Transposition : la plupart des États membres ont arrêté des mesures destinées à ériger en infraction la provocation publique, le recrutement et l’entraînement pour le terrorisme, même si dans certains cas, la portée des dispositions est plus limitée que prévu par la décision-cadre de 2008. La plupart des États membres ont dû arrêter des dispositions spécifiques puisque le comportement préparatoire ou virtuel n’avait pas été explicitement incriminé.  La Commission observe que deux États membres (IE et EL) n’ont pas encore transposé la décision-cadre de 2008 et les invite à adopter sans délai les mesures législatives nécessaires.

La plupart des États membres respectent largement la décision-cadre de 2008, mais plusieurs problèmes pourraient survenir, notamment concernant l’incrimination au titre des dispositions nationales relatives à la «provocation indirecte» et au recrutement d’«acteurs isolés». Les États membres sont invités à fournir à la Commission des explications et des informations supplémentaires afin de lui permettre d’achever son évaluation.

Le niveau des peines varie fortement parmi les États membres. La peine d’emprisonnement minimale s’étend de moins d’un an à 20 ans de réclusion. De même, la peine maximale varie entre deux ans et 25 ans ou l’emprisonnement à perpétuité. Les amendes peuvent être utilisées comme solution subsidiaire (DK, DE, IE, LU, NL, UK) ou venir s’ajouter à la peine d’emprisonnement (BE, IE, FR, LU, UK).
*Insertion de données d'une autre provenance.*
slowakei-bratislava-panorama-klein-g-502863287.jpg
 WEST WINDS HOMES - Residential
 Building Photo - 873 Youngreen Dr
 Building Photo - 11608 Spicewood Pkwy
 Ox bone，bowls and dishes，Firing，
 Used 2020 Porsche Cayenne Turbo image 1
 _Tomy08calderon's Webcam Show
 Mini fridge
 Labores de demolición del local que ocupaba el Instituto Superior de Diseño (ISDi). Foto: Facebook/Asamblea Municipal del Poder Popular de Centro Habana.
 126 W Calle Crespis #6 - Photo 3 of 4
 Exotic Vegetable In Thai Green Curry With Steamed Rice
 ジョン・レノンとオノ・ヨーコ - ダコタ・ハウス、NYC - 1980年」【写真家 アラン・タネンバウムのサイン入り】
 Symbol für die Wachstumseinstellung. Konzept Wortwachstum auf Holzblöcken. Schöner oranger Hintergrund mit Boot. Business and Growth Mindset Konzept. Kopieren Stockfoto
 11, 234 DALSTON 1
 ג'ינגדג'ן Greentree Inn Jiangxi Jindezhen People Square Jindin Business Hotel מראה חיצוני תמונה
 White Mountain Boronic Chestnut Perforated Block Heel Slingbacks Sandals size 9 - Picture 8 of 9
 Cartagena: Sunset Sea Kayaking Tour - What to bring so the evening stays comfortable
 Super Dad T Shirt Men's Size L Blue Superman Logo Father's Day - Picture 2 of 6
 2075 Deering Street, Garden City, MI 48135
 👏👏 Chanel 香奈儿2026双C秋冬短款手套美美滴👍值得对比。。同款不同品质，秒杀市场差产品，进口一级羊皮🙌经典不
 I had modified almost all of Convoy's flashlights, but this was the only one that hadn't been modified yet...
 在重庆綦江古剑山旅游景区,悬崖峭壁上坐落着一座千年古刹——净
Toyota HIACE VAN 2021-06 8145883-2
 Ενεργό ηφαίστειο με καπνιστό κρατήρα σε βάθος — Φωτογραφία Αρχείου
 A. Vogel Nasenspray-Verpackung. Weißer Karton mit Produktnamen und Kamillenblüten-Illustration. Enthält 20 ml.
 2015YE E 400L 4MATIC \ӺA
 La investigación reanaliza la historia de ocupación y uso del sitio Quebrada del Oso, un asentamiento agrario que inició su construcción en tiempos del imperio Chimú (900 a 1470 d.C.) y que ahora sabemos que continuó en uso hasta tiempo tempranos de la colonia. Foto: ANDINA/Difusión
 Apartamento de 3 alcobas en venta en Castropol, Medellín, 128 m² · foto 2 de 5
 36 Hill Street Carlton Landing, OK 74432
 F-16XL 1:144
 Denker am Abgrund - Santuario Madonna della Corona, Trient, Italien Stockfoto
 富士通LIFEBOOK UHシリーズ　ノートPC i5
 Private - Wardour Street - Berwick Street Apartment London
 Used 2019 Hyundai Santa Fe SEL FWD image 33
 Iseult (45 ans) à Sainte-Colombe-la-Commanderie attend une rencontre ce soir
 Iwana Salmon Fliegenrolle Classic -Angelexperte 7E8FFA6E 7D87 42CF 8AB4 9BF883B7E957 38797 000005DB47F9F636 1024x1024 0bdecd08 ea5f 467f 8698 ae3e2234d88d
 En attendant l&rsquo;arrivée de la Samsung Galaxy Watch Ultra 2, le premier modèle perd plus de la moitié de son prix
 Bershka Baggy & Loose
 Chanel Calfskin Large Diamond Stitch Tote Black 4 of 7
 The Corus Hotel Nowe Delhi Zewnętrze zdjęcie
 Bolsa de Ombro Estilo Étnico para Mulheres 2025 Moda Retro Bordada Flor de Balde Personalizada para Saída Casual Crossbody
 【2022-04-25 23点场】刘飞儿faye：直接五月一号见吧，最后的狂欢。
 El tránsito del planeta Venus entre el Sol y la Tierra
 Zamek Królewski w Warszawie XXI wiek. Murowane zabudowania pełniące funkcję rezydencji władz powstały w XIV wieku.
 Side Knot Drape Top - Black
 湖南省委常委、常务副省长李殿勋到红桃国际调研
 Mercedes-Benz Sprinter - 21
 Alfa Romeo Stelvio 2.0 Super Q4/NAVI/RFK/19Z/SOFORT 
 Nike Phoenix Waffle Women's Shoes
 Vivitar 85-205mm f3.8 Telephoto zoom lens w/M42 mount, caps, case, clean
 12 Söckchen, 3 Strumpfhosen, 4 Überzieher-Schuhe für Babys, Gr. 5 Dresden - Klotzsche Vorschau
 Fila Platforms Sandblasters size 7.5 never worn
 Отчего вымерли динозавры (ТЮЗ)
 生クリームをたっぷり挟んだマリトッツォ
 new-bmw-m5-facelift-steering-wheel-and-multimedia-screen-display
Plus de la moitié des États membres infligent la même peine pour les trois nouvelles infractions (BE, BG, CZ, EE, IE, HR, LU, HU, MT, PL, SI, SK, SE). Dans les États membres prévoyant des peines différentes pour les trois nouvelles infractions, les peines pour la provocation publique sont en général plus clémentes que pour les deux autres infractions (DK, DE, ES, IT, CY, LV, LT, PT, RO, FI, UK).

Droits fondamentaux : les débats concernant l’incidence de la législation antiterroriste sur les droits fondamentaux ont principalement porté sur l’adoption de mesures mettant en œuvre la décision-cadre de 2002 et, dans une moindre mesure, sur les nouvelles infractions. Les débats portaient notamment sur la sécurité juridique, le respect du principe de proportionnalité des sanctions pour des infractions de nature préparatoire et le conflit éventuel entre la liberté d'expression et l'infraction de provocation publique.

Si les inquiétudes liées aux droits fondamentaux peuvent jouer un rôle dans l’interprétation et l’application des dispositions nationales établissant les trois nouvelles infractions, elles ne semblent pas avoir rendu nécessaire la restriction de la portée des dispositions juridiques pertinentes en droit interne. Dans leurs notifications adressées à la Commission, les États membres n'ont pas invoqué l'article 2 ou l'article 3 de la décision-cadre de 2008 pour limiter la portée des nouvelles infractions terroristes ni confirmé les inquiétudes concernant les droits fondamentaux pour justifier l'absence de mise en œuvre des nouvelles infractions.

La Commission prend acte du fait que les parties prenantes plaident en faveur d’échanges accrus d’expériences et de pratiques entre les procureurs et les juges, et qu’elles constatent la nécessité d’intégrer les efforts en matière de répression dans une approche plus globale qui devrait inclure la prévention précoce de la radicalisation et du recrutement pour le terrorisme.

La Commission encourage les États membres à assurer un suivi et une évaluation de l’application des dispositions de droit pénal relatives au terrorisme dans la pratique. Elle souligne la nécessité de prendre en compte la protection des droits fondamentaux et d’envisager une approche politique plus large pour s’attaquer à la radicalisation et au recrutement pour le terrorisme.